TEKERRÜR EDEN TARİH-7. BÖLÜM --KIYAMET--
31 Mayıs 1876 da büyük ümitlerle tahta oturtulan V. Murat, Amcası Abdülaziz’in
öldürülmesinden sonra iyice tozutmuştu. Öyle ki sık sık ‘’ Padişahlık da
istemiyorum kan peşinde de değilim.’’ Diyor, garip garip davranışlar
sergiliyordu. Onun bu hallerini artık halktan gizlemek de mümkün değildi. Öyle
olunca da Mithat Paşa ve Sadrazam Mütercim Rüştü Paşa, tahtın diğer varisi
Abdülhamit ile görüştüler, ondan meşrutiyeti ilan edeceği sözü ve garantisi
aldıktan sonra V. Murat’ı tahttan indirmek için yine bir hal fetvası
düzenlettiler. Abdülaziz’i ‘’Deli’’ diye tahttan indirirken yerine getirdikleri
V. Murat’ı da sadece doksan üç gün sonra aynı gerekçe ile tahttan indirecekleri
akıllarının ucundan bile geçmiyordu.
31 Mayıs 1876 da oturduğu tahttan 31 Ağustos 1876 da ayrılmak zorunda kalan V.

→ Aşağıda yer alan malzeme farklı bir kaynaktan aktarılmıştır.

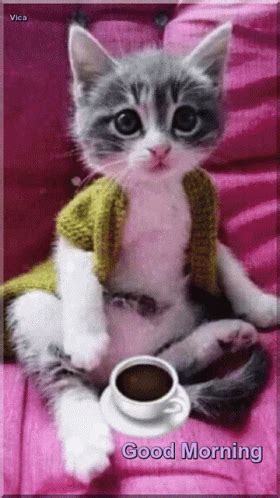 Coffy, Hug Quotes, Funny Animals With Captions, Coffee Art, Garden ...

Murat, yirmi sekiz yıl daha bir sarayda yaşadı ama onun yaşadığı saray artık
Çırağan Sarayı idi ve bu saraydan kendisi ve ailesinin dışarı çıkması yasaktı.
Çok özel durumlarda yeni padişah II. Abdülhamit’den izin alarak
çıkabileceklerdi.
II. Abdülhamit, şehzadeliği döneminde daha ziyade para-banka-borsa işleriyle
meşgul olduğundan oldukça zengindi. Tahta çıkışı esnasında dağıttığı cülus
bahşişi olan 60.000 altını tamamen kendi servetinden harcamıştı. Padişaha biat
töreni Topkapı Sarayında gerçekleştirildi.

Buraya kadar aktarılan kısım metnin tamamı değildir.